Your objective
Give back exactly the lines of the data below, starting with the line that has "An American Silver Flatware Service An" and going on through the line that has "承德金山嶺長(zhǎng)城".
---------- Input material ----------
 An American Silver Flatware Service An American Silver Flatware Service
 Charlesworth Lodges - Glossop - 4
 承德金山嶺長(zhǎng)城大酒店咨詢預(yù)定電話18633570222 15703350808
----------
---------- Input material ----------
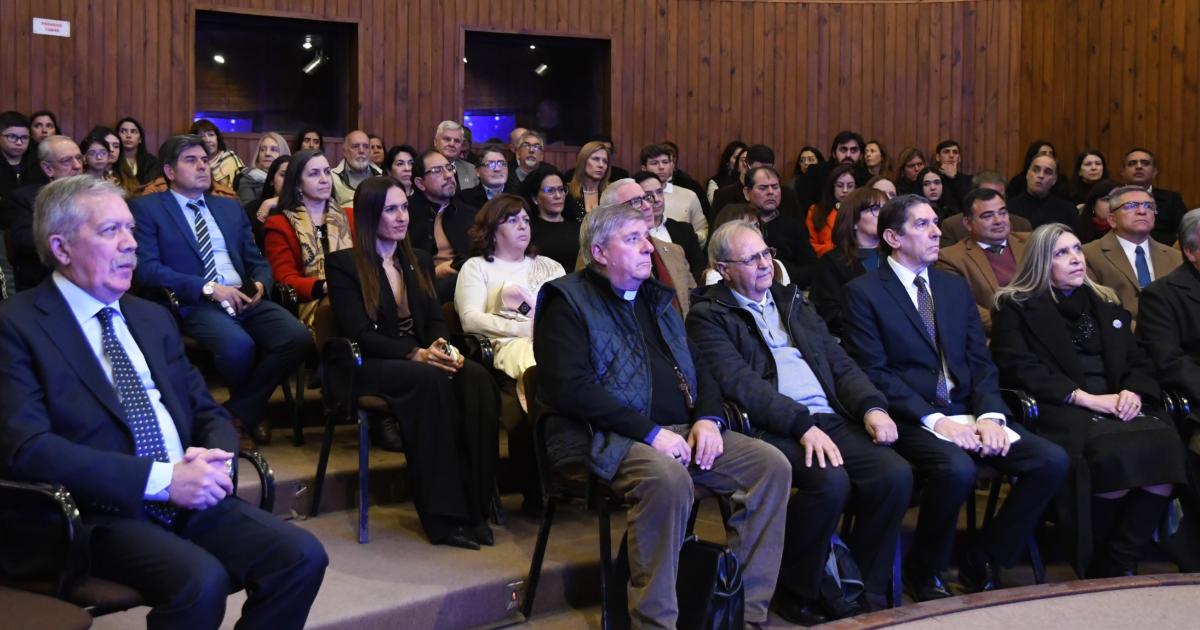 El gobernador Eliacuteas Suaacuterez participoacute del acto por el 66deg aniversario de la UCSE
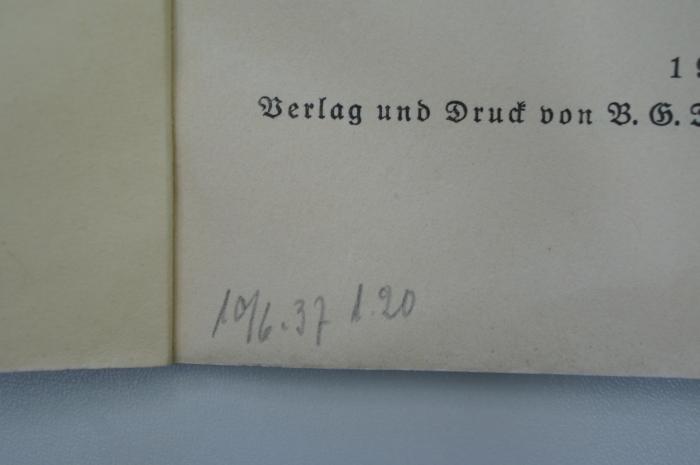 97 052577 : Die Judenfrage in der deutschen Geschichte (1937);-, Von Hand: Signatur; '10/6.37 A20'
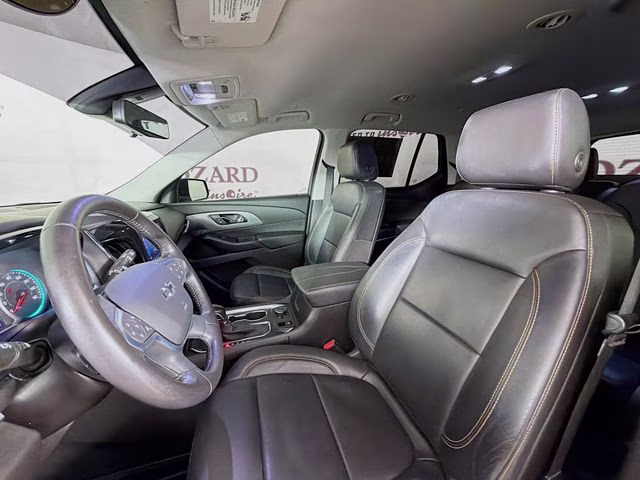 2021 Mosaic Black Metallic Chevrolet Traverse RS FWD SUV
----------
Exercise result
 An American Silver Flatware Service An American Silver Flatware Service
 Charlesworth Lodges - Glossop - 4
 承德金山嶺長(zhǎng)城大酒店咨詢預(yù)定電話18633570222 15703350808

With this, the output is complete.